If there's one thing that Better Call Saul co-creator (along with Vince Gilligan), showrunner, executive producer, writer, and director Peter Gould wants us to know about the upcoming sixth and final season of the Breaking Bad spinoff, it's that viewers should really be keeping an eye on Kim Wexler (the Emmy nomination-robbed Rhea Seehorn). Less than a week after he answered fans' questions about the series with teasing questions of his own (and an interesting "suggestion" tease), Gould discussed the final season further during Deadline Hollywood's Contenders Television: The Nominees virtual panel.
When Gould says, "Kim has become the character we're most concerned about," he's not exaggerating. By the time the dust settled on the fifth season, Kim seemingly embraced the "breaking badness" mantra of Jimmy/Saul/Gene (Bob Odenkirk), pushing the idea of taking down Howard (Patrick Fabian) by forcing a resolution in the Sandpiper case that leads to Howard's personal and professional humiliation. Jimmy was hesitant and concerned at first, but Saul saw the endless possibilities (or at least $1 million worth of possibilities), so it was "game on!".
As Better Call Saul hands over the timeline to Breaking Bad, Gould knows that choices will be made that there will be no going back from: "This season, it's a matter of life and death for sure, and as it comes to a close, it's a question of where her head is at. Is she going down a bad choice road? She keeps moving in a direction of corner-cutting." For the series co-creator, that blurring of what's legal with what's right in Kim's mind that resulted from her time with Jimmy is cause for alarm: "Something that interests us is what's legal and what feels right. Being with Jimmy has shown her, either something that she knew before or it's made more vivid to her; the possibility of cutting corners, doing what you think is right, and causing what you feel is justice, rather than play by the rules of the system. I'm a little bit worried for her."

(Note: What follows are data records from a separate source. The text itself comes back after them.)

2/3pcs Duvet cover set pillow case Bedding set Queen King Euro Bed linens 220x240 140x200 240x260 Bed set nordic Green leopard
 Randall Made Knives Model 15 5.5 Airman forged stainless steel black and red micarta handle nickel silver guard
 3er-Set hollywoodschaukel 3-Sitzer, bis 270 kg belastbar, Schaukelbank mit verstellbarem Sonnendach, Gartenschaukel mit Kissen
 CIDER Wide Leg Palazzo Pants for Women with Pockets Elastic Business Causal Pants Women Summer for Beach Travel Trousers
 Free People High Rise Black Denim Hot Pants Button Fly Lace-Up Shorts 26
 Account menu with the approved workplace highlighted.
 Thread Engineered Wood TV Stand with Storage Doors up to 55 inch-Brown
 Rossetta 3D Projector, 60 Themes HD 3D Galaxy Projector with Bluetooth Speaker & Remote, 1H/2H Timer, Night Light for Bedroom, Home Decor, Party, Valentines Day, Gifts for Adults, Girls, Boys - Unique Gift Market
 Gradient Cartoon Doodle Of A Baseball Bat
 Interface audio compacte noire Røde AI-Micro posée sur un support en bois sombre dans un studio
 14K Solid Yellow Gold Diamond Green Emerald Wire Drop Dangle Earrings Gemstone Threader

As for when viewers will get to see how this all plays out, Gould isn't sounding too optimistic about them meeting their end-of-the-year production start: "We were hoping to go into production by the end of the year. It doesn't seem likely that it's going to happen with the situation that we are in." Though Sony TV is doing "everything humanly possible" to get production and filming back up and running, Gould is trying to keep expectations more grounded and realistic: "I think we are probably going to delay a little bit, unfortunately."